▶ Information given:
· · · · · · ·

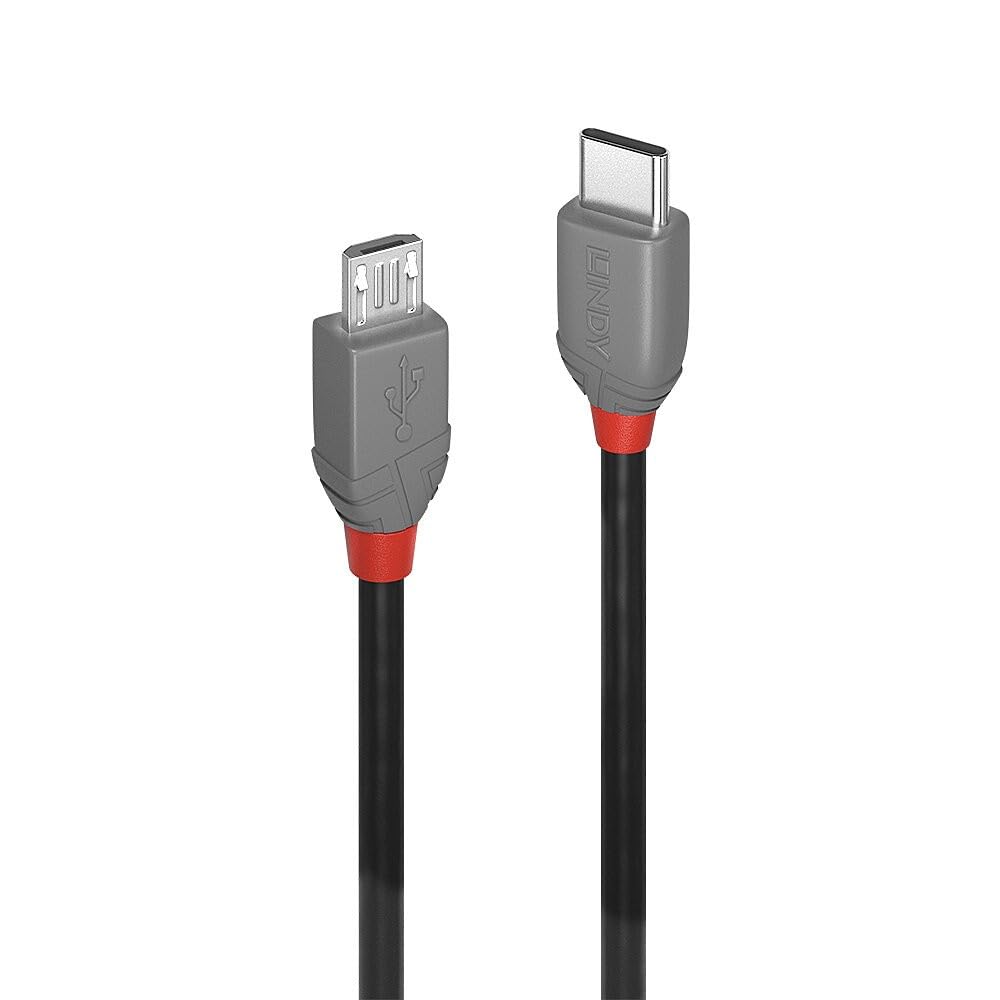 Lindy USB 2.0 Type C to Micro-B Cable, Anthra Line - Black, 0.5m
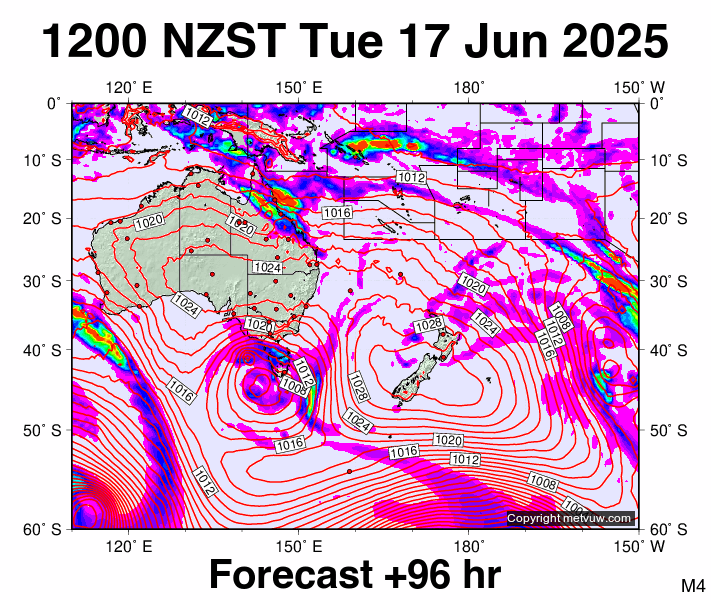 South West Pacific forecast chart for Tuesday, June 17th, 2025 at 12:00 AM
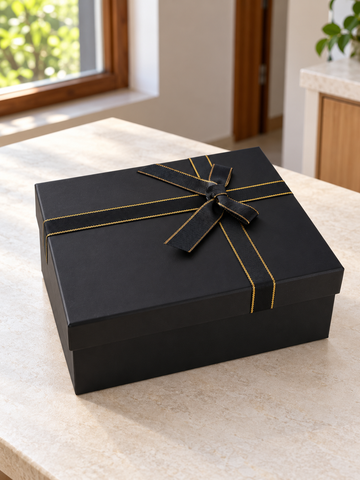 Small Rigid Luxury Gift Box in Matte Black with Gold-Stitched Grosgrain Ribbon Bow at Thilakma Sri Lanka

· · · · · · ·

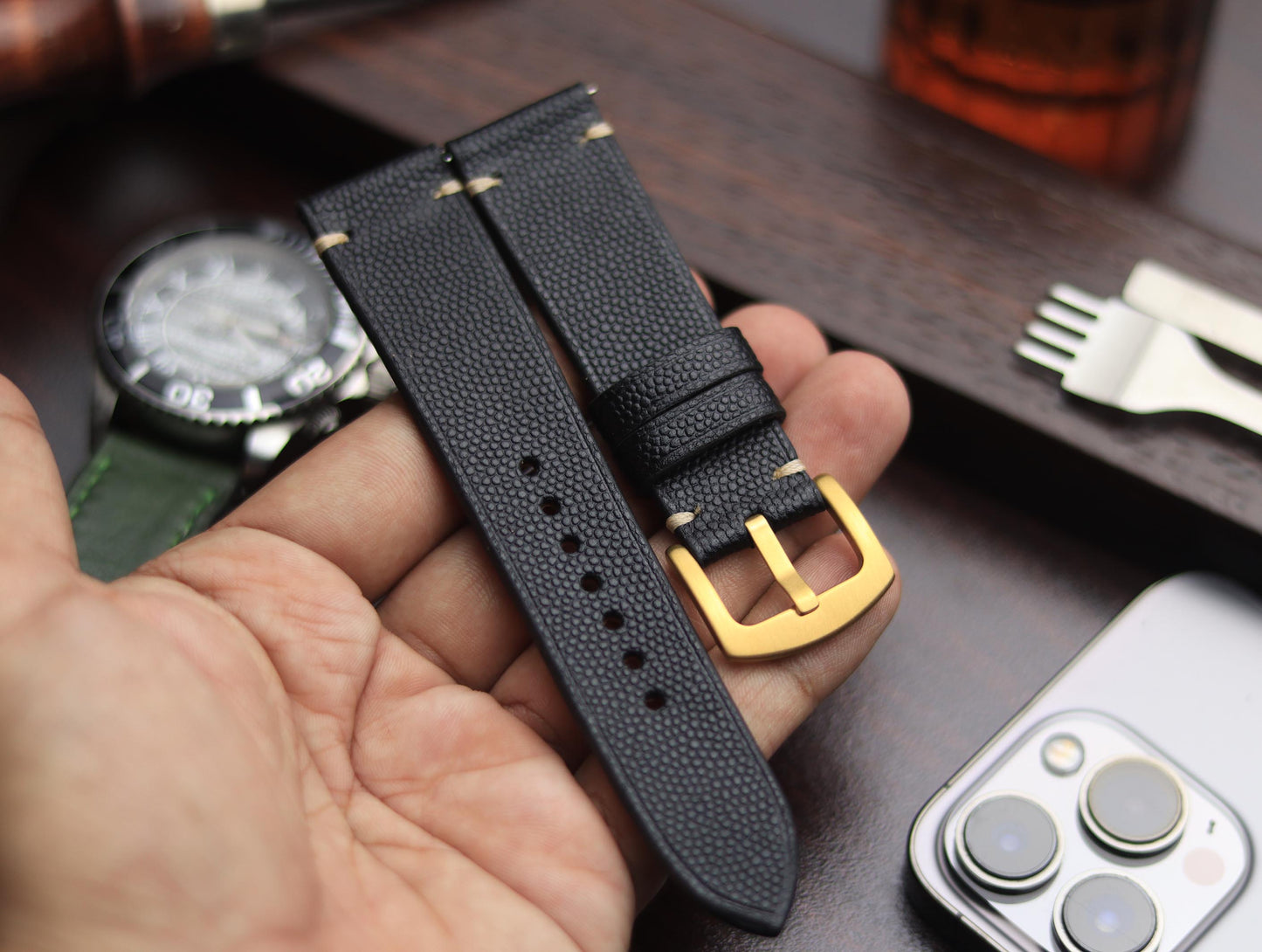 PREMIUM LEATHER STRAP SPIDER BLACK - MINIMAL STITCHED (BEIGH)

· · · · · · ·

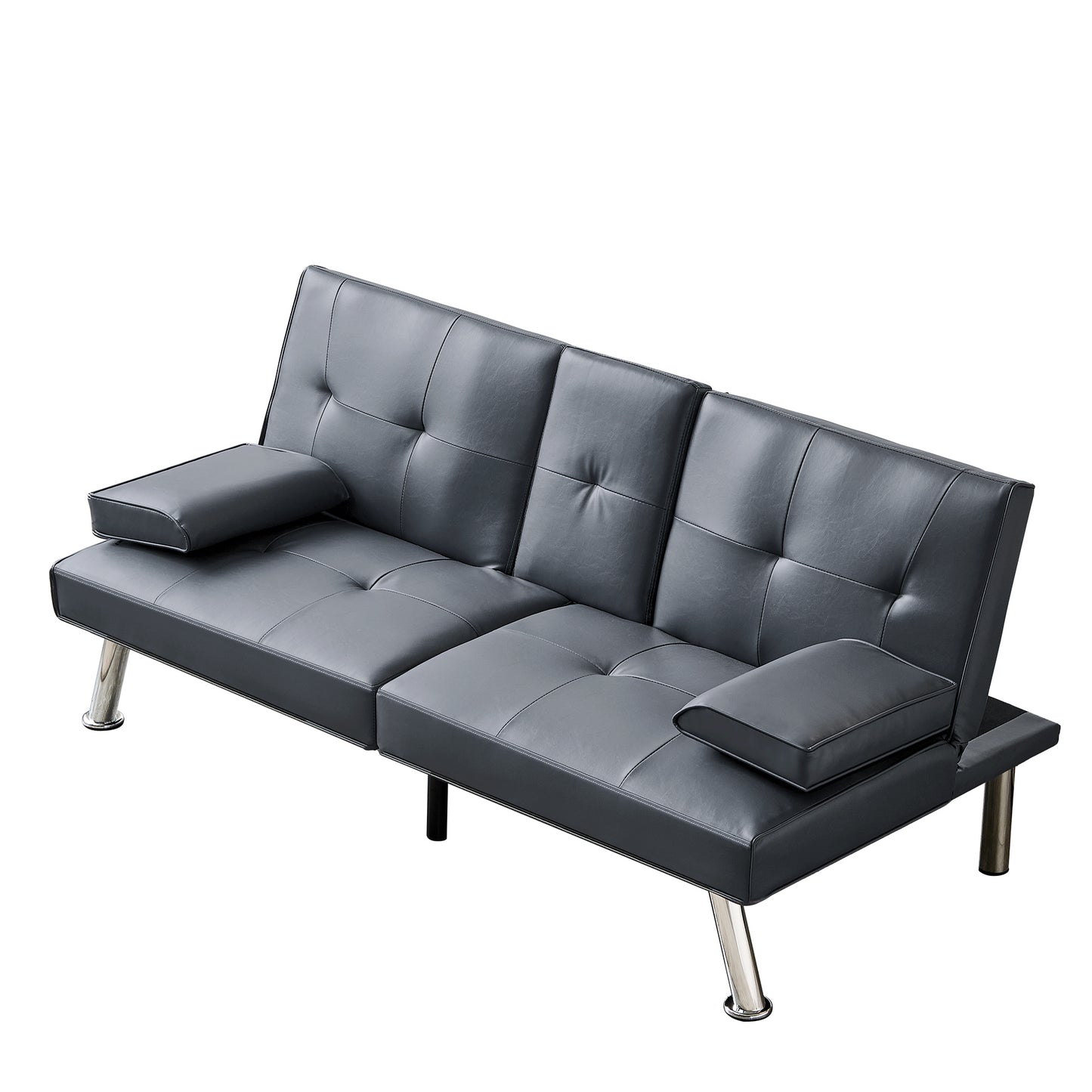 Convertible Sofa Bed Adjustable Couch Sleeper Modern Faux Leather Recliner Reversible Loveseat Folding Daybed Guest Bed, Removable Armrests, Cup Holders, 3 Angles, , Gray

· · · · · · ·

▶ Work required:
Using the entries above, reproduce word for word only the lines from the one that contains "South West Pacific" to the one that contains "Small Rigid Luxury", both ends included, and drop every picture.

▶ Completed exercise:
 South West Pacific forecast chart for Tuesday, June 17th, 2025 at 12:00 AM
 Small Rigid Luxury Gift Box in Matte Black with Gold-Stitched Grosgrain Ribbon Bow at Thilakma Sri Lanka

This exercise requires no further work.